:: Work to complete ::
Exact copies of the lines below are the goal; any images in them are dropped.

:: Recorded data ::

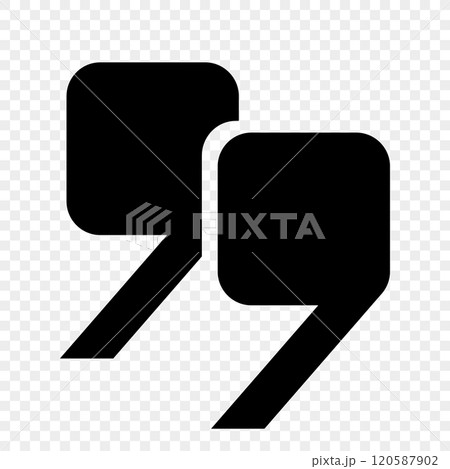 Quotation marks, a set of isolated black vector icons in the form of square-shaped quotation marks on a transparent background Quotation marks, a set of isolated black vector icons in the form of square-shaped quotation marks on a transparent background 120587902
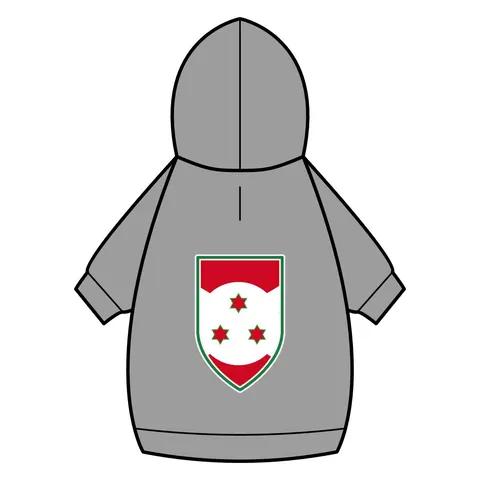 Burundi White Saltire Pet Hoodie — back_dtf view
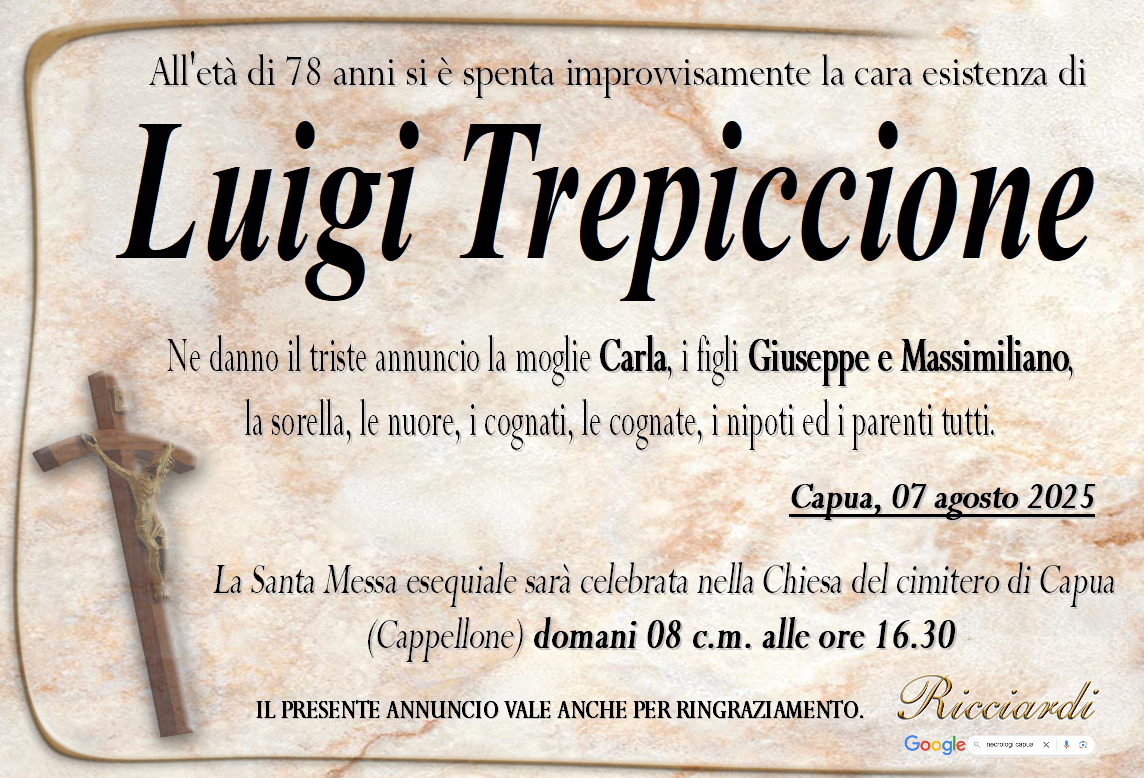 necrologio Luigi Trepiccione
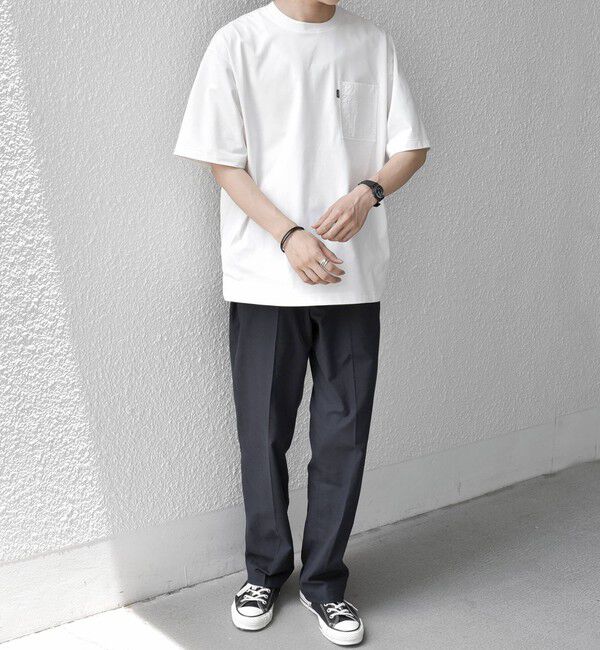 SHIPS any「【WEB限定】SHIPS any:〈撥水加工〉リラックス ナイロンポケット クルーネック Tシャツ◇」|Tシャツ・カットソー|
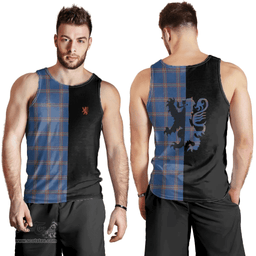 Scottish MacLaine of Loch Buie Hunting Ancient Clan Tartan Men Tank Top - Lion Rampant Style Scottish Plaid Tartan Plaid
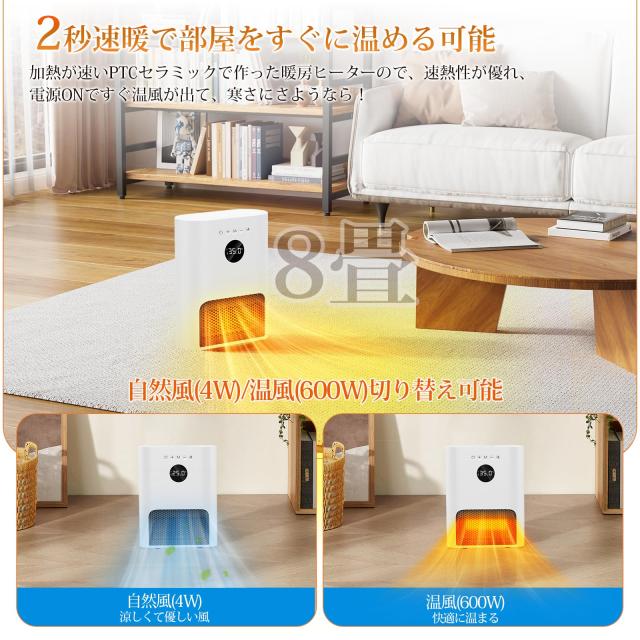 ヒーター 壁掛け 人感センサー付き 【ECO知能恒温？壁掛け式？3way使用】 セラミックヒーター 暖房器具 省エネ 2段階調節 4W/600W 1-12H_2
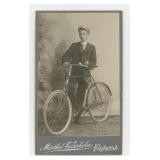 Boy with Wood Rim Bicycle CDV Photo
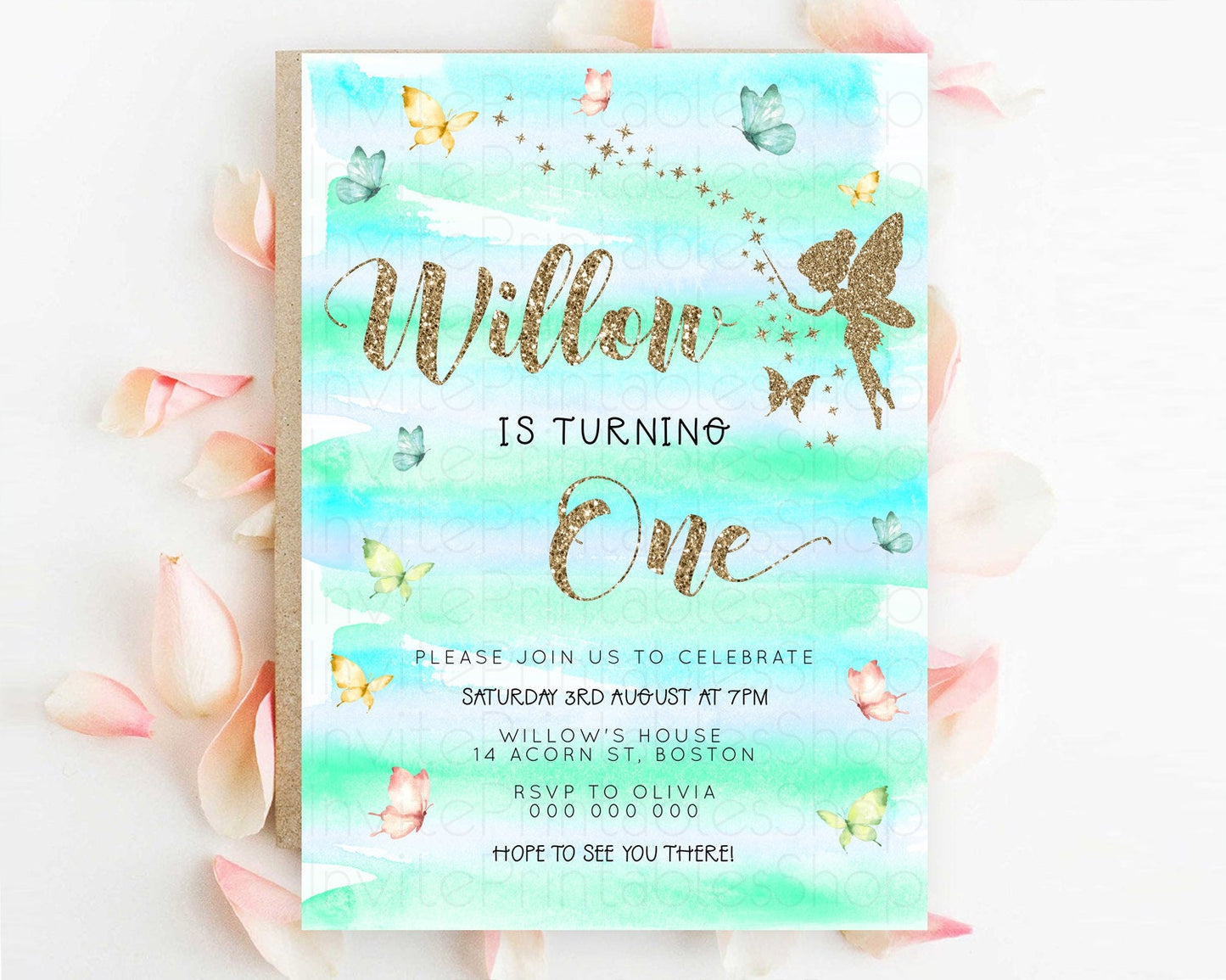 Pastel Fairy Birthday Invitation Pastel Butterflies Fairy Birthday Invitation Rainbow Ombre Watercolor 1st 2nd Birthday Invitation D23314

:: Completed task ::
 Quotation marks, a set of isolated black vector icons in the form of square-shaped quotation marks on a transparent background Quotation marks, a set of isolated black vector icons in the form of square-shaped quotation marks on a transparent background 120587902
 Burundi White Saltire Pet Hoodie — back_dtf view
 necrologio Luigi Trepiccione
 SHIPS any「【WEB限定】SHIPS any:〈撥水加工〉リラックス ナイロンポケット クルーネック Tシャツ◇」|Tシャツ・カットソー|
 Scottish MacLaine of Loch Buie Hunting Ancient Clan Tartan Men Tank Top - Lion Rampant Style Scottish Plaid Tartan Plaid
 ヒーター 壁掛け 人感センサー付き 【ECO知能恒温？壁掛け式？3way使用】 セラミックヒーター 暖房器具 省エネ 2段階調節 4W/600W 1-12H_2
 Boy with Wood Rim Bicycle CDV Photo
 Pastel Fairy Birthday Invitation Pastel Butterflies Fairy Birthday Invitation Rainbow Ombre Watercolor 1st 2nd Birthday Invitation D23314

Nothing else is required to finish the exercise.